Inform 7's (lack of) Speed

I’m interested, of course. I added the opcode calls partly for your benefit. Let me know how helpful they are, if any. I think for the typical turn in a typical game, the parser comprises most of the processing that a game needs to do, so speeding it up is fruitful for everyone.

I do feel that there’s a lot of missed opportunities for performance that Inform 7 & 6 miss and could be implemented with reasonable effort, but until it goes open source there ain’t much for us to do on this end. For example, wrapping #ifs around stuff like empty rulebooks.

Of course, since the procedural rules are going away, (and if Danii gets his way with a series of rules being compiled into the same function), I imagine the overhead on calling rulebooks, and maybe rules, will dramatically decrease.

I suspect a lot of gain would come from changing the parser to using regexes throughout, and then adding acceleration for regexes (which would be pretty trivial and a good idea even if the parser isn’t changed.)

I have grave doubts about that. The parser is designed around the idea that words can be compared in constant time. Going to per-letter regexes sounds like a nightmare, even if they’re running in native code.

(Using a regex algorithm based on words, rather than letters, would avoid that. At that point you’re talking about building a state machine for word sequences, which does resemble the problem that the parser solves now… but you’d have to demonstrate that you’re accelerating the slow part of the problem, rather than the already-fast part. For example, the deciding-concealed-possessions code we were just talking about – that’s a hook for user code. It would be exactly as much of a problem inside a regex parser.)

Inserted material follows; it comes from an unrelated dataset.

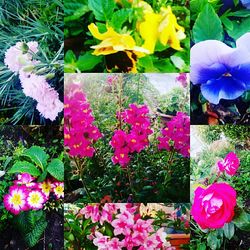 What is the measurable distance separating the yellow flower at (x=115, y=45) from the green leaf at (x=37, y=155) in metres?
0.50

If this has produced a noticeable speed-up, it may be worth looking at re-writing all the memory block handling code in Flex.i6t. The I7 library has logic here to maintain its own memory heap, but if you’re running on a modern Glulx interpreter then you should be able to just rely on the interpreter’s heap support (via the @malloc and @mfree opcodes) to get the same effect with much greater efficiency. (I haven’t actually tried to do this as yet, but it is something I’ve considered.)

Actually the parser does surprisingly little with actual text. Most of the code I’m sifting through deals with arrays of objects: the match list, the multiple object list, scoring objects, grouping objects together for printing purposes, seeing how pronouns and objects relate, and about 15 different ways to filter one set of objects to a smaller set of objects. Then there’s a few oddball heterogeneous arrays like “pattern” which are sometimes objects and sometimes dictionary words.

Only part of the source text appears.